**ABOUT THIS TASK:** Everything from the first line of the entries through the line containing "Red, white, and" is to be retyped exactly, and nothing beyond it.

###

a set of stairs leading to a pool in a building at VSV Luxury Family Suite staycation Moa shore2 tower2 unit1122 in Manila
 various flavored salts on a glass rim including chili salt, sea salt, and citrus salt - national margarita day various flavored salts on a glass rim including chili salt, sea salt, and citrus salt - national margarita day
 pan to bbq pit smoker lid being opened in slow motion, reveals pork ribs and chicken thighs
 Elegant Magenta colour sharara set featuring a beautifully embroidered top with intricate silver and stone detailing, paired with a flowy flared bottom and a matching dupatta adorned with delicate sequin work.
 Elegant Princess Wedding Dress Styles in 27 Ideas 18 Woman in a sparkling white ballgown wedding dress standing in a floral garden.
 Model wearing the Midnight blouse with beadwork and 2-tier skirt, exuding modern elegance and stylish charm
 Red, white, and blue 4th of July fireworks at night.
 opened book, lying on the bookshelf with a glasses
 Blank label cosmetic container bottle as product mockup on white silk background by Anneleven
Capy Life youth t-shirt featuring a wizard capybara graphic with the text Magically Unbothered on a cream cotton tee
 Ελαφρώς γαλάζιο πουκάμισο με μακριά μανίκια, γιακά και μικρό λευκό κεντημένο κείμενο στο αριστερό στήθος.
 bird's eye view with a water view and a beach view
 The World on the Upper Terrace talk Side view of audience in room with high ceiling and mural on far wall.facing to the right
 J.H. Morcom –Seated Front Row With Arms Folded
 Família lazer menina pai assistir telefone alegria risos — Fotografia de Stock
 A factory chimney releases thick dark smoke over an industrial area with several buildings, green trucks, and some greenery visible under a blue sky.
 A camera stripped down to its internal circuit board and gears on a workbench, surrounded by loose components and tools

###

**YOUR RESPONSE:**
a set of stairs leading to a pool in a building at VSV Luxury Family Suite staycation Moa shore2 tower2 unit1122 in Manila
 various flavored salts on a glass rim including chili salt, sea salt, and citrus salt - national margarita day various flavored salts on a glass rim including chili salt, sea salt, and citrus salt - national margarita day
 pan to bbq pit smoker lid being opened in slow motion, reveals pork ribs and chicken thighs
 Elegant Magenta colour sharara set featuring a beautifully embroidered top with intricate silver and stone detailing, paired with a flowy flared bottom and a matching dupatta adorned with delicate sequin work.
 Elegant Princess Wedding Dress Styles in 27 Ideas 18 Woman in a sparkling white ballgown wedding dress standing in a floral garden.
 Model wearing the Midnight blouse with beadwork and 2-tier skirt, exuding modern elegance and stylish charm
 Red, white, and blue 4th of July fireworks at night.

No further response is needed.